● Collected material
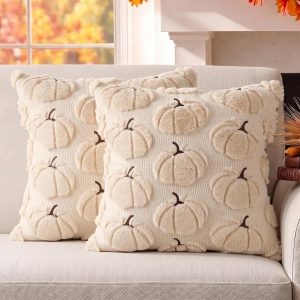 Fall Pumpkin Pillow Covers 18x18 Set of 2 Fall Decor Cushion Cases for Autumn Thanksgiving Home Decorations(Beige)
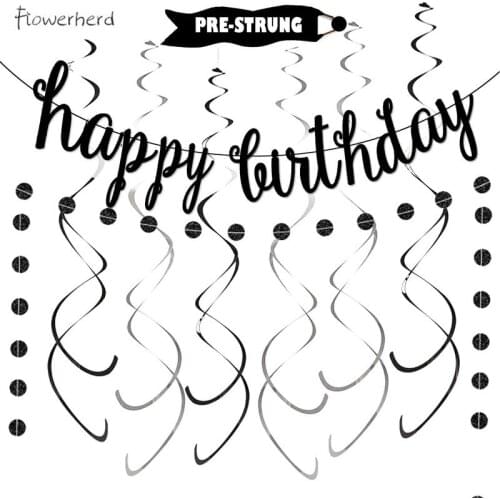 Black Happy Birthday Banner Decoration Kit with Black Silver Hanging Swirls for Birthday Baby Shower Party Decoration Pre-Strung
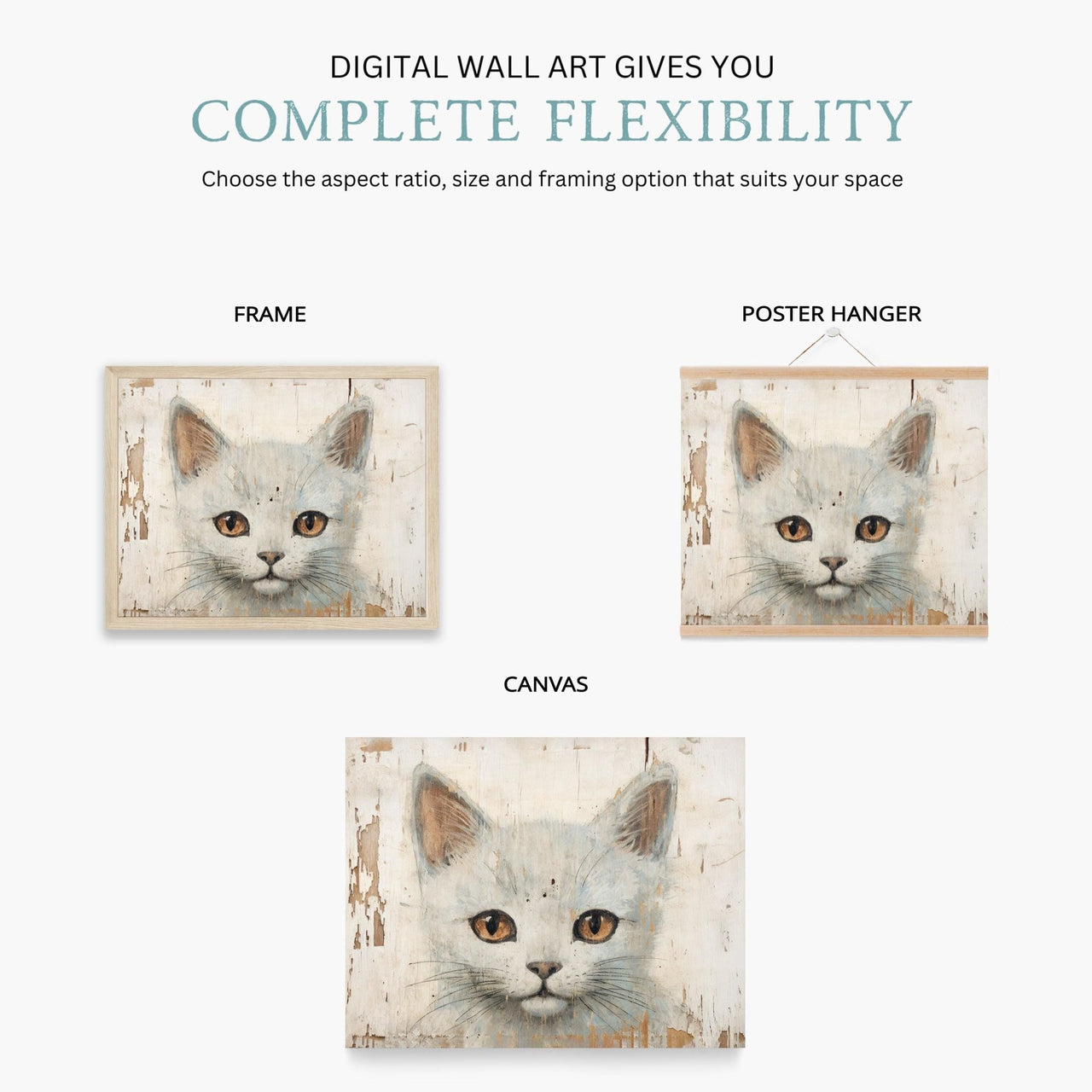 White Cat Wall Art – Animal Nursery Decor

● Exercise
Where the data contains images, drop them and print the rest exactly.

● Reply to the exercise
 Fall Pumpkin Pillow Covers 18x18 Set of 2 Fall Decor Cushion Cases for Autumn Thanksgiving Home Decorations(Beige)
 Black Happy Birthday Banner Decoration Kit with Black Silver Hanging Swirls for Birthday Baby Shower Party Decoration Pre-Strung
 White Cat Wall Art – Animal Nursery Decor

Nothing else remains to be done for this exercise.